[FieldTrip] Effect size measure for cluster-based permutation tests

Tue Sep 5 14:12:52 CEST 2017

Dear discussion list readers & contributors (especially Christine Blume),

There have been many questions (not only on the FT discussion list) about the calculation of effect size measures in the context of cluster-based permutation tests. I will continue my reply under the quotes below.

From: Blume Christine <christine.blume at sbg.ac.at<mailto:christine.blume at sbg.ac.at>>
Subject: Re: [FieldTrip] Effect size measure for cluster-based permutation tests
Date: 4 September 2017 at 14:28:47 GMT+2
To: FieldTrip discussion list <fieldtrip at science.ru.nl<mailto:fieldtrip at science.ru.nl>>
Reply-To: FieldTrip discussion list <fieldtrip at science.ru.nl<mailto:fieldtrip at science.ru.nl>>

Hi Alik,

Thanks a lot for your suggestion, which I hoped would prompt more answers. Does anyone have suggestions on how exactly to implement the calculation of an effect size measure?

Best,
Christine

Von: fieldtrip-bounces at science.ru.nl<mailto:fieldtrip-bounces at science.ru.nl> [mailto:fieldtrip-bounces at science.ru.nl] Im Auftrag von Alik Widge
Gesendet: Mittwoch, 23. August 2017 16:42
An: FieldTrip discussion list
Betreff: Re: [FieldTrip] Effect size measure for cluster-based permutation tests

My naive answer, which perhaps will provoke Eric to provide a better one: you have the actual  cluster statistic and its permutation distribution under the null hypothesis. It seems as though that distribution could be assumed Gaussian and something like Cohen's d calculated.

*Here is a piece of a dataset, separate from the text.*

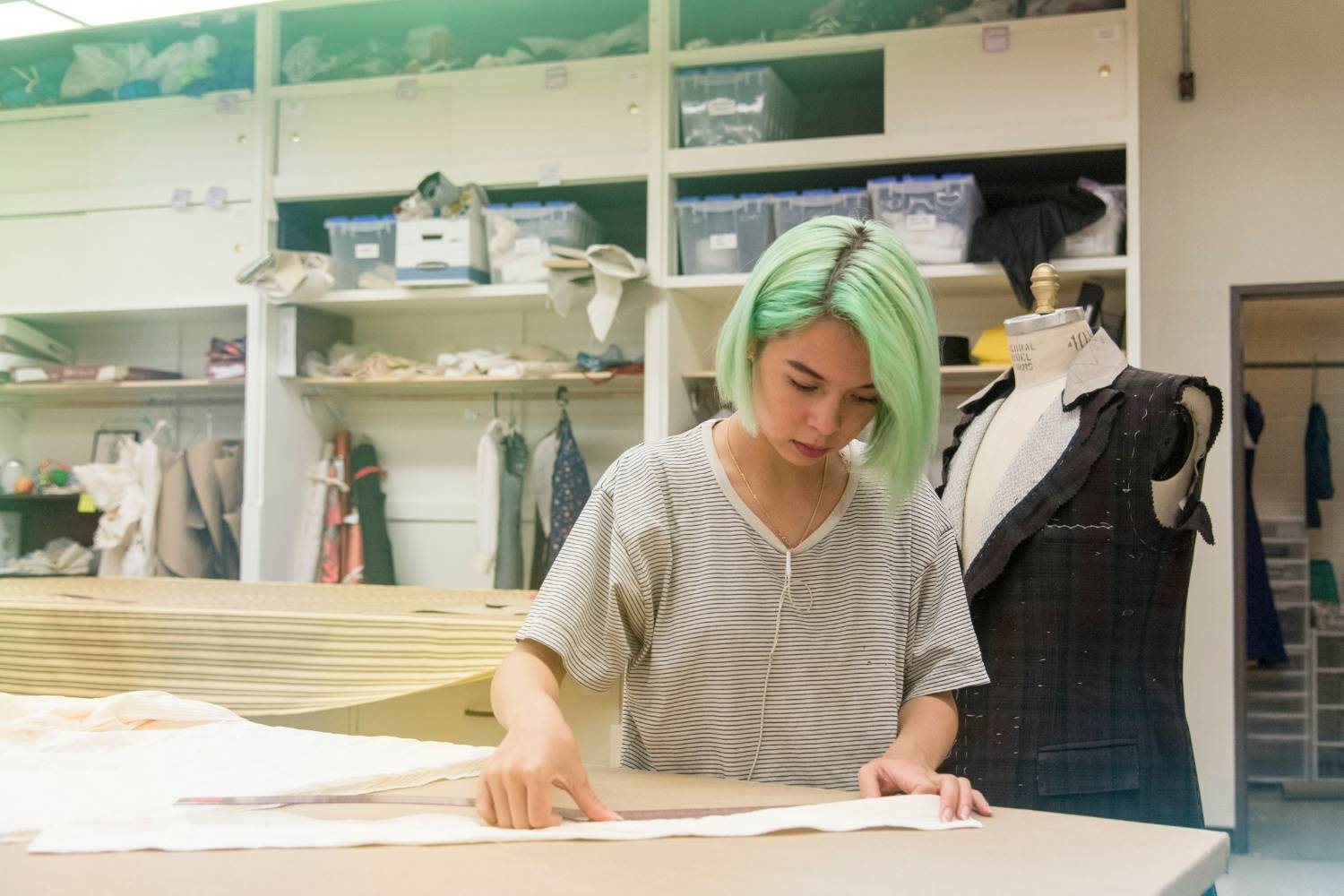 Student working on a project with textiles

On Aug 23, 2017 9:35 AM, "Blume Christine" <christine.blume at sbg.ac.at<mailto:christine.blume at sbg.ac.at>> wrote:
Dear all,

I came across a question posted by someone about a year ago, which concerned effect size measures for cluster-based permutation tests. Unfortunately, the question does not seem to have been answered…

Q: I am using cluster-based permutation tests (depsamplesT, on time-frequency data) and am wondering how to best calculate an effect size from that.

Best,
Christine

Giving a useful answer to this question requires that one knows for what this effect size measure will be used. Typically, a standardised effect size measure is required to perform a power calculation. A power calculation is possible for a number of parametric statistical tests such as the T- and  the F-test. As input for this power calculation, Cohen’s d is required. A sensible value for Cohen’s d can sometimes be found in published studies (preferably with large sample sizes).

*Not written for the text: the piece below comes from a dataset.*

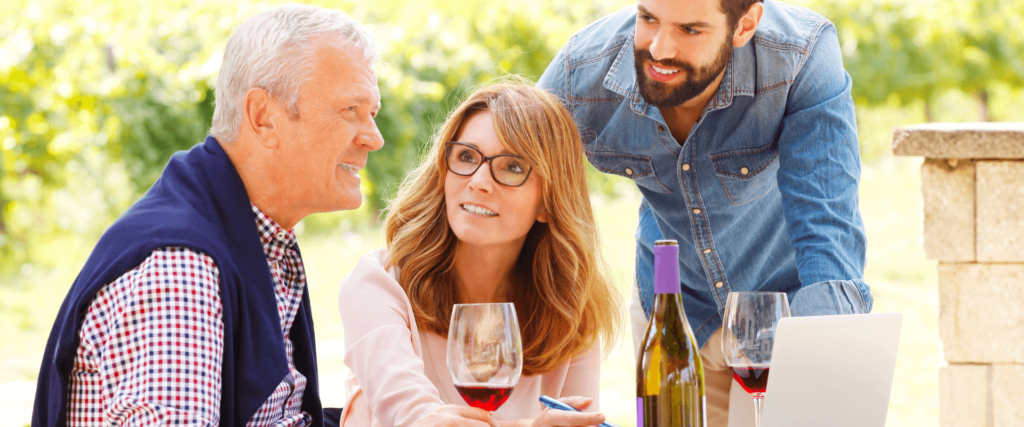 Un groupe de personnes est assis à une table avec des verres à vin et un ordinateur portable.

Cohen’s d can easily be obtained from the outcome of a cluster-based permutation test:

  1.  Calculate the non-standardised effect sizes by averaging the (sensor, frequency, time)-specific effects within the cluster of interest. Typically, the (sensor, frequency, time)-specific effects are raw differences between the subject averages for the experimental conditions that are being compared.
  2.  Calculate the standard deviation over the subjects of these non-standardised effect sizes.
  3.  Calculate Cohen’s d by dividing the grand average of the non-standardised effect sizes by the standard deviation obtained in 2.

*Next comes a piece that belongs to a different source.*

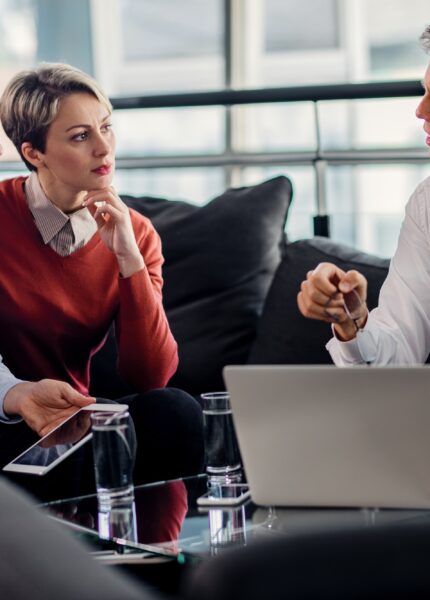 Insurance agent talking to mid adult couple on a meeting in the office.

Unfortunately, Cohen’s d calculated in this way, will be biased, and therefore cannot be used for a power calculation. This type of bias is sometimes denoted as “double dipping”.

In general, it is extremely challenging to perform a power calculations for statistical analyses that involve high-dimensional data. This does not only hold for electrophysiological, but also for fMRI data. To get idea about the difficulties that one encounters, have a look at this paper from the fMRI community: http://www.biorxiv.org/content/early/2016/04/20/049429. For the analysis of high-dimensional electrophysiological data, quite some statistical work still has to be done.

best,
Eric Maris

-------------- next part --------------
An HTML attachment was scrubbed...
URL: <http://mailman.science.ru.nl/pipermail/fieldtrip/attachments/20170905/1518d740/attachment-0001.html>